• **Available data**

______________________________

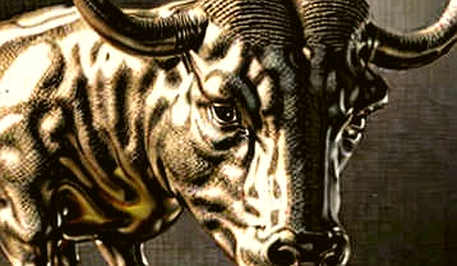 The Great Narrative Divide: Wall Street's Promises vs. The SEC's Warnings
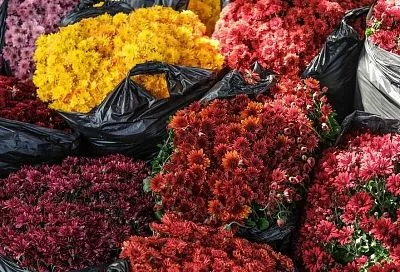 Не трогай до весны: это надо знать, чтобы хризантема мультифлора перезимовала и зацвела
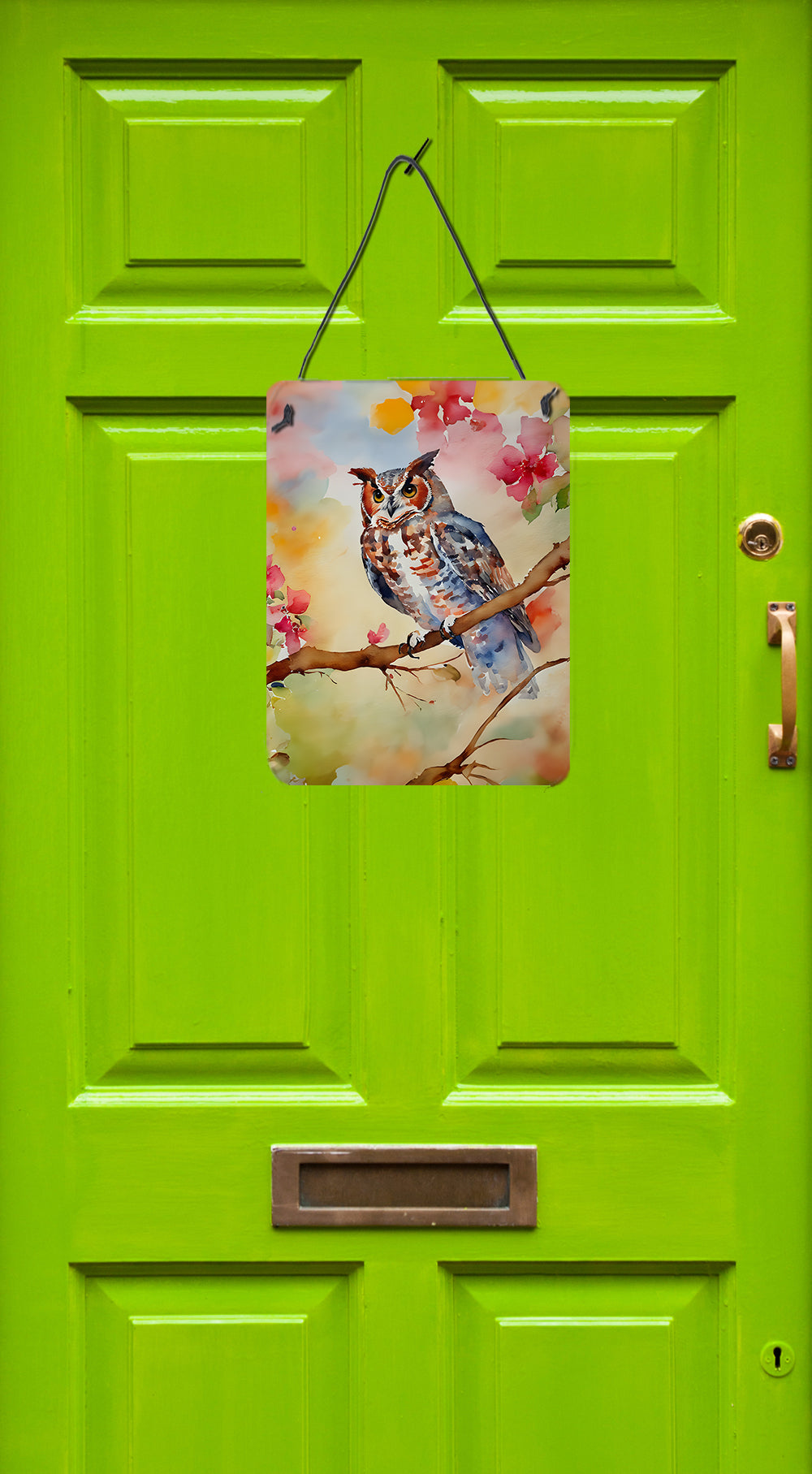 Buy this Eastern Screech Owl Wall or Door Hanging Prints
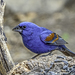 Blue Grosbeak - Photo (c) jimangelo, some rights reserved (CC BY-NC)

______________________________

• **Directions**
Output exactly, and with no pictures, the lines from the line that holds "Не трогай до" through the last line of the listing above.

• **Exercise output**
 Не трогай до весны: это надо знать, чтобы хризантема мультифлора перезимовала и зацвела
 Buy this Eastern Screech Owl Wall or Door Hanging Prints
 Blue Grosbeak - Photo (c) jimangelo, some rights reserved (CC BY-NC)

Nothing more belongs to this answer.